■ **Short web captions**
[Start of Attachment]
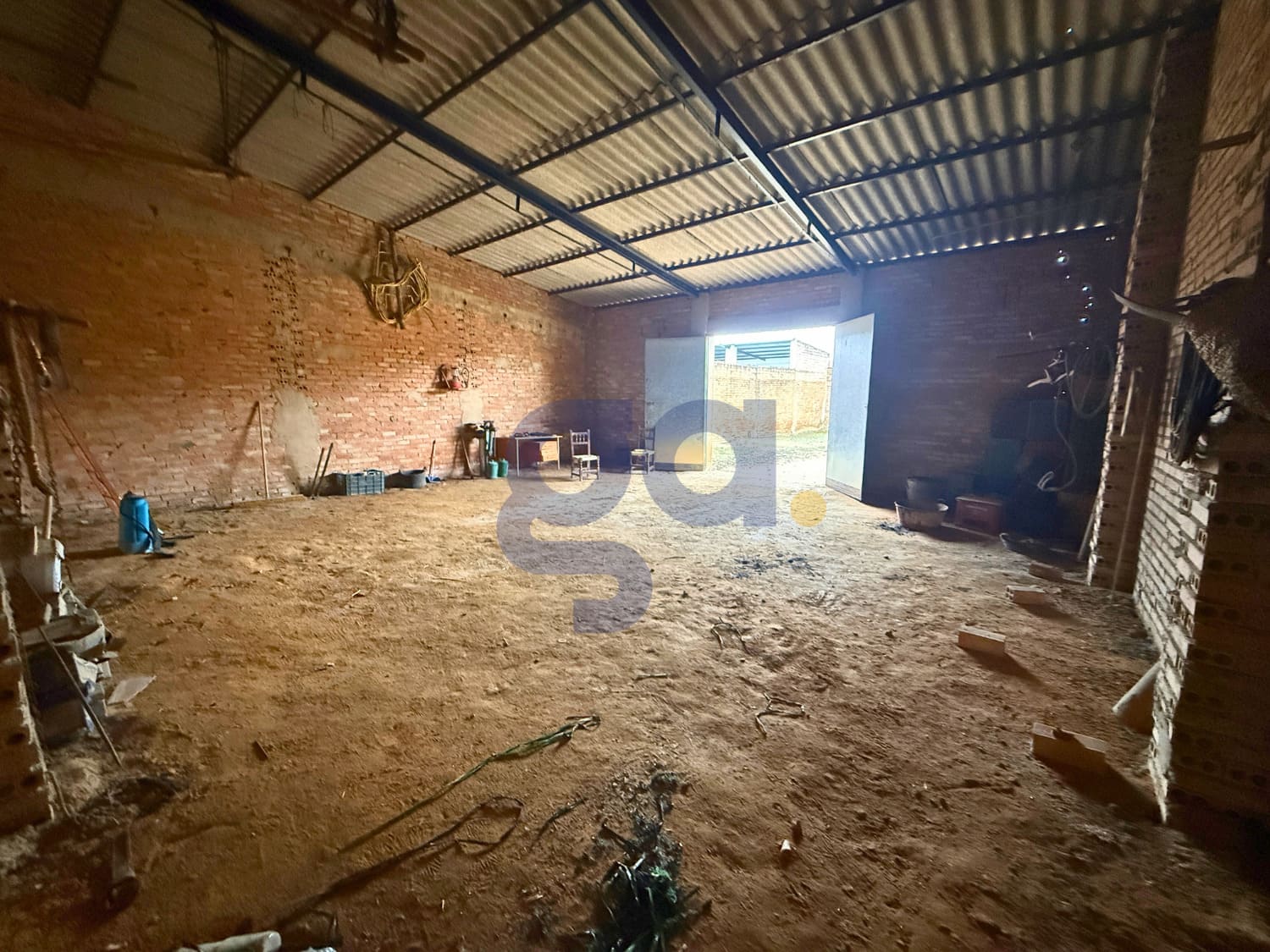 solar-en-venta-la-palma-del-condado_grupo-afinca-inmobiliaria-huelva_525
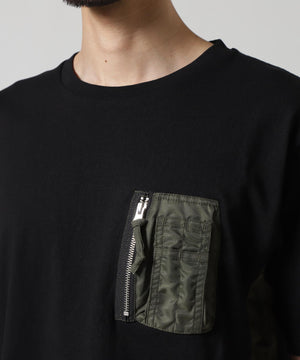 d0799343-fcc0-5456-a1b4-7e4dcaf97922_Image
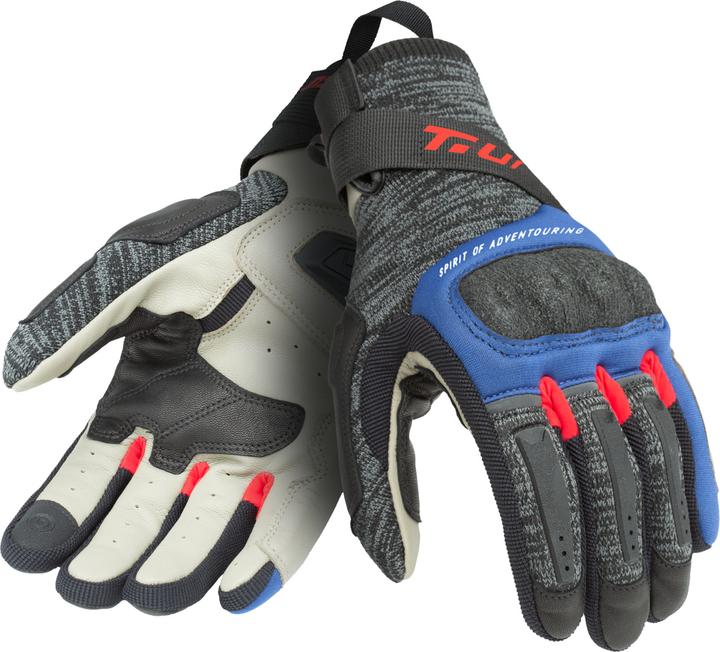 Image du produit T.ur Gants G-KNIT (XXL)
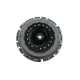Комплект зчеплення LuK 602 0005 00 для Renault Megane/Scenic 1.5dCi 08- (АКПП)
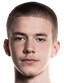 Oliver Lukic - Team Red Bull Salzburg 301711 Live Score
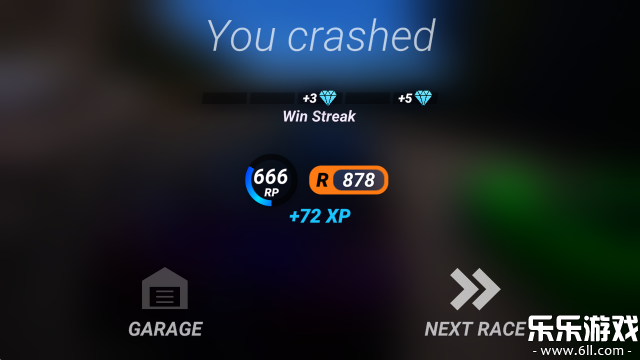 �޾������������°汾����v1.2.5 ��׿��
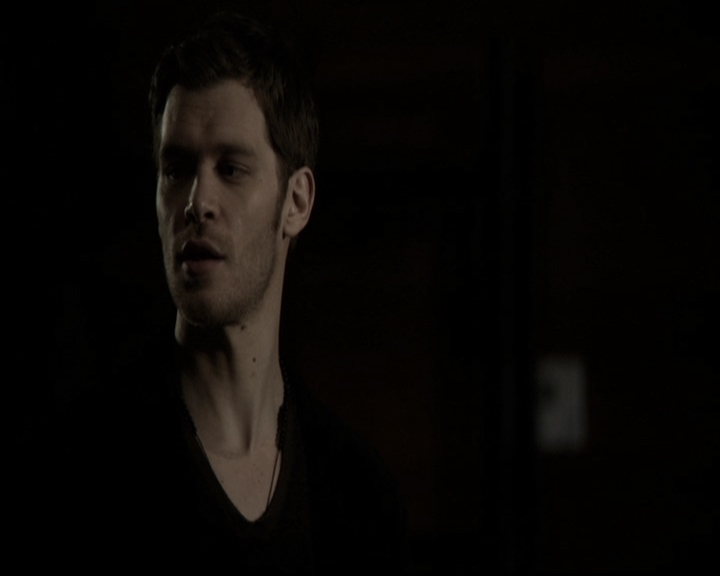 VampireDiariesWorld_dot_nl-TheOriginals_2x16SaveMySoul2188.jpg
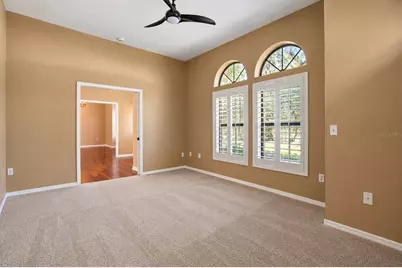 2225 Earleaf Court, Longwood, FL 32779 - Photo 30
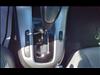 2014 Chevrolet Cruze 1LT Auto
[End of Attachment]
■ **TASK DESCRIPTION**
Omit the pictures; print the records above exactly.

■ **RESPONSE**
 solar-en-venta-la-palma-del-condado_grupo-afinca-inmobiliaria-huelva_525
 d0799343-fcc0-5456-a1b4-7e4dcaf97922_Image
 Image du produit T.ur Gants G-KNIT (XXL)
Комплект зчеплення LuK 602 0005 00 для Renault Megane/Scenic 1.5dCi 08- (АКПП)
 Oliver Lukic - Team Red Bull Salzburg 301711 Live Score
 �޾������������°汾����v1.2.5 ��׿��
 VampireDiariesWorld_dot_nl-TheOriginals_2x16SaveMySoul2188.jpg
 2225 Earleaf Court, Longwood, FL 32779 - Photo 30
 2014 Chevrolet Cruze 1LT Auto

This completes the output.